Le leggi non vivono di autorità, ma di riconoscimento: senza, ogni limite perde senso. E si arriva alla violenza
Il Fatto Quotidiano - Wednesday, December 3, 2025di Alberto Minnella
Ho ascoltato recentemente un’intervista di Gherardo Colombo sulle regole ed è stato come entrare in una zona del discorso pubblico che raramente frequentiamo: quella in cui non ci si limita a chiedere “quale legge?”, ma si tenta di capire che cosa sostiene una legge affinché possa essere davvero tale. Nelle sue parole emerge l’idea che le norme non vivono di autorità, ma di riconoscimento. E il riconoscimento è qualcosa che avviene sempre dentro le persone prima che nei tribunali.

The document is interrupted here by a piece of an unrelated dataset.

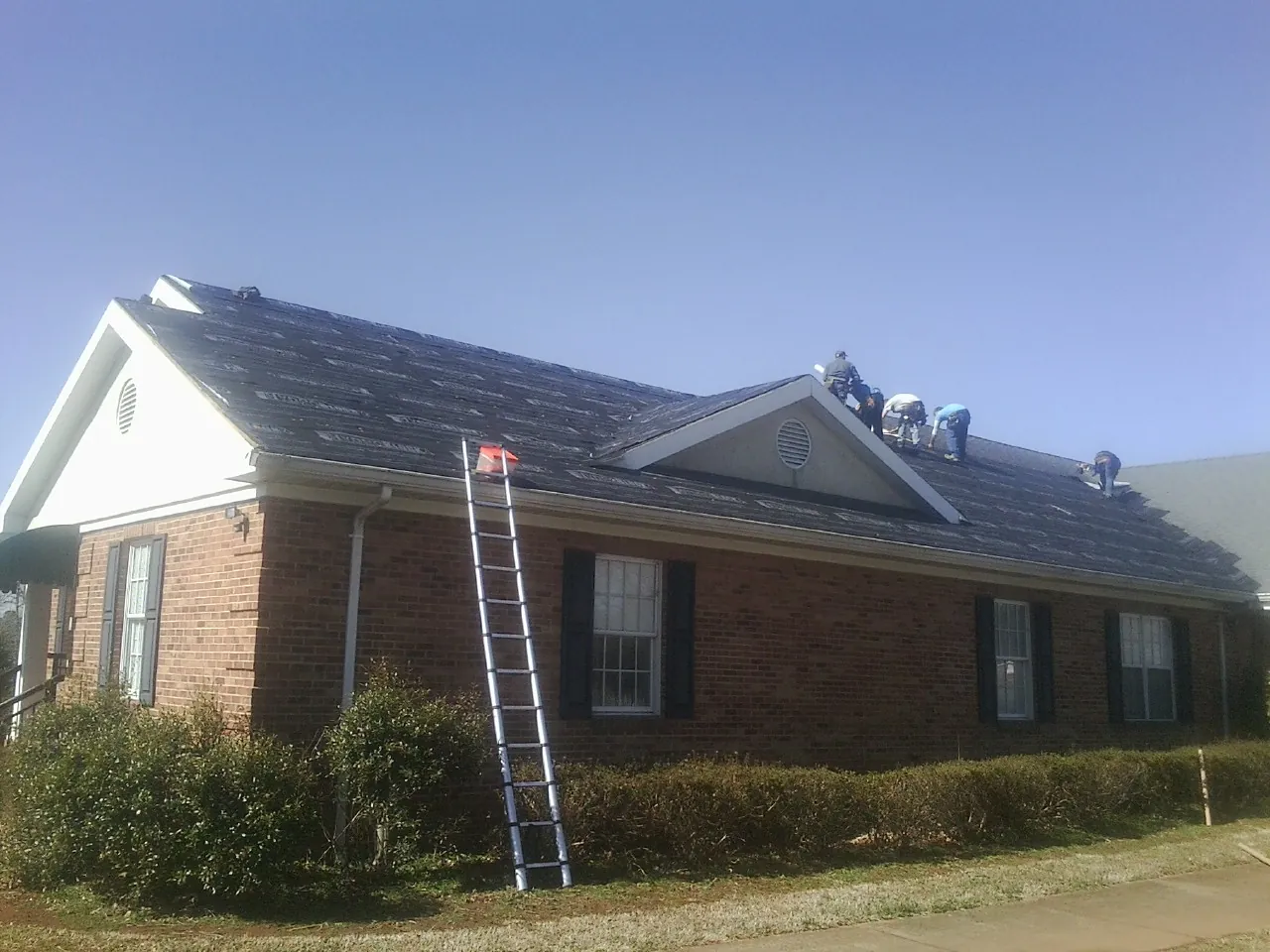 Crew tearing shingles off a brick ranch roof with a ladder set — Emergency Roof Repair work by our crew in Shelter Island Heights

Colombo lo ripete con calma: una regola funziona solo se incontra una coscienza capace di percepirla come parte della convivenza. Altrimenti resta un segnale neutro, un’indicazione che può essere letta, ignorata o aggirata senza alcuna risonanza interiore. È questo scollamento tra norma e interiorità che caratterizza sempre più spesso il nostro tempo. Non è una colpa individuale, ma un effetto di un contesto in cui tutto sembra temporaneo, reversibile, intercambiabile: anche i limiti.
In questo scenario, la violenza non appare come atto di ribellione ma come gesto senza profondità. Non c’è l’intenzione di opporsi a una regola: spesso non c’è nemmeno la percezione che quella regola esista come dimensione condivisa. Il limite non viene attraversato: semplicemente non viene visto. E quando il limite non è vissuto, non può esserci trasgressione. La trasgressione, che per secoli aveva un ruolo preciso — segnava il punto in cui l’individuo sfidava l’ordine — oggi appare come un concetto quasi inattuale, eroso dall’assenza stessa di un confine stabile da violare.
I reati che occupano le cronache sono spesso la manifestazione di questa mancanza: gesti improvvisi, scollegati, privi di una narrazione che li contenga o li renda interpretabili. La violenza diventa un impulso che non trova argini, non perché li distrugga, ma perché non li incontra. E la legge, vista da Colombo, appare allora come un contenitore che non riesce a trattenere ciò che non ha forma.
Le norme non sono state pensate per sostituire la responsabilità, ma per organizzarla. Sono la grammatica minima che permette a una comunità di esistere. Quando però la comunità perde la capacità di condividere significati, quella grammatica si inceppa. La regola continua a esistere, ma perde peso: non fa più orientamento, non delimita, non suggerisce un orizzonte. Semplicemente, scivola accanto alla vita delle persone senza toccarla davvero.
La regola è, dunque, un gesto educativo. Non impone, orienta. Non chiude, apre un passaggio: permette a ognuno di comprendere dove finisce il proprio desiderio e dove inizia lo spazio dell’altro. Per questo Colombo ripete che le regole non servono a reprimere, ma a far funzionare le relazioni. A costruire fiducia, prevedibilità, continuità nel vivere insieme.
Ma tutto ciò richiede una cultura delle responsabilità che oggi sembra indebolita. Si cresce senza avere esperienza del limite, come se il limite fosse una minaccia e non una forma di protezione. E così le persone arrivano all’età adulta senza aver interiorizzato la distinzione tra impulso e azione, tra bisogno immediato e conseguenza. Il gesto violento è spesso la manifestazione estrema di questa incapacità di contenersi, di darsi forma. La legge può intervenire dopo, ma non può anticipare ciò che solo l’educazione può generare: la capacità di riconoscere l’altro, di misurare i propri atti, di dare un significato al proprio agire.
Colombo lo ripete da anni, e le sue parole suonano oggi più urgenti che mai: una società non si salva con l’inasprimento delle norme, ma con la costruzione paziente di una coscienza comune. Come ripristinare il terreno su cui una regola può mettere radici? Non ci sono soluzioni immediate. Ma una via sensata è un’educazione culturale diversa, che fin dalle prime scuole restituisca al limite il suo valore di relazione. Un’educazione capace di ridare peso ai legami, agli spazi, senso alle regole e responsabilità. Da lì può nascere una speranza.